Records from a dataset:

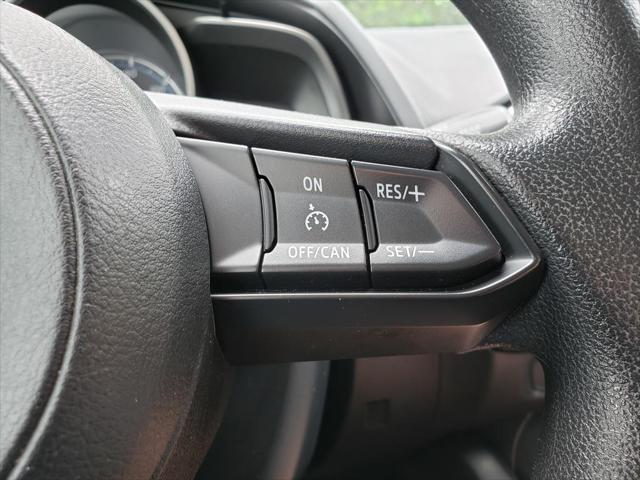 used 2020 Toyota Yaris Sedan car, priced at $15,995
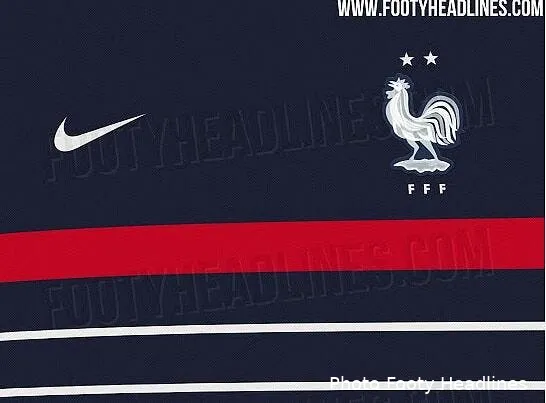 edf la france avec un maillot inspire de 1998 a l euro icon dib 090220 11 46 1278037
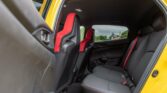 honda civic type r occasion sieges arriere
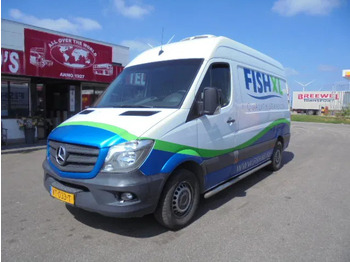 Véhicule utilitaire frigorifique MERCEDES-BENZ Sprinter 313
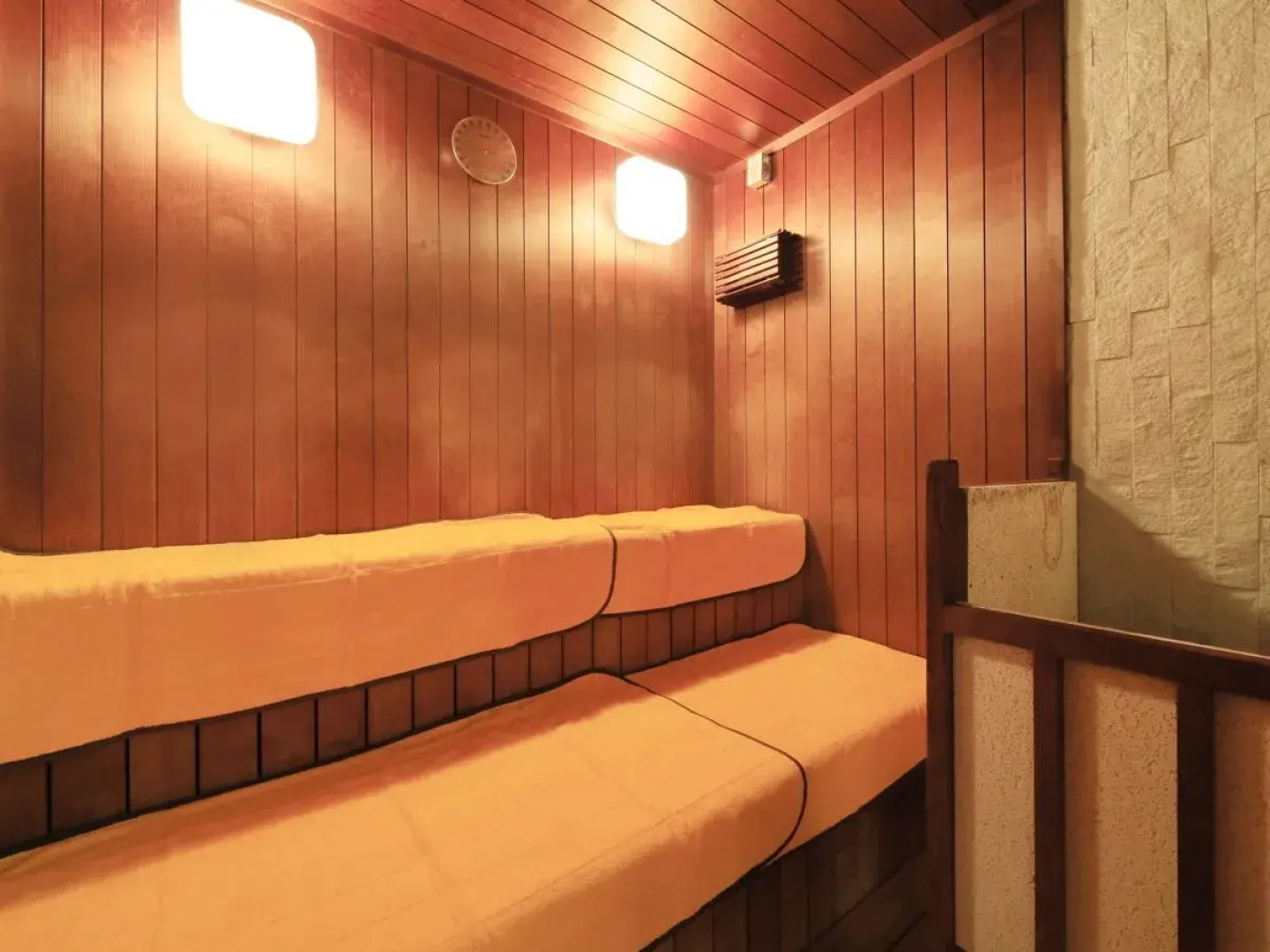 Yutorelo Tateshina Hotel with DOGS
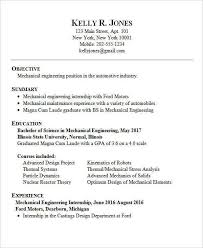 With a civil engineer cv template and general tips for all specialisations. 25 Best Engineering Resume Templates Pdf Doc Free Premium Templates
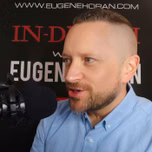 'IN-DEPTH' with Eugene Horan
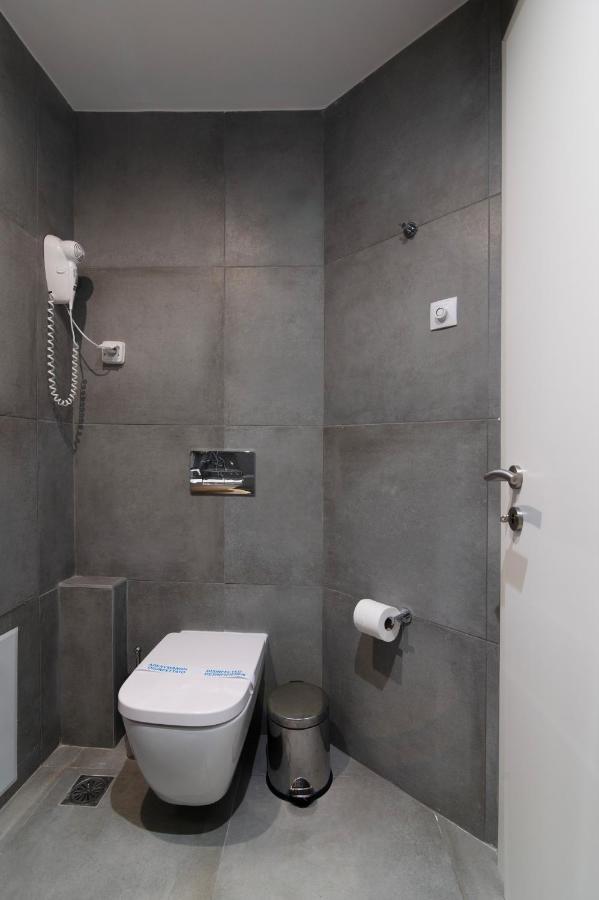 Olvia Suites Athens Exterior photo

Exercise directions:
Copy exactly, please, every line from the one holding "with Eugene Horan" through the last line of the data, both ends included, and no pictures.

Result:
 'IN-DEPTH' with Eugene Horan
 Olvia Suites Athens Exterior photo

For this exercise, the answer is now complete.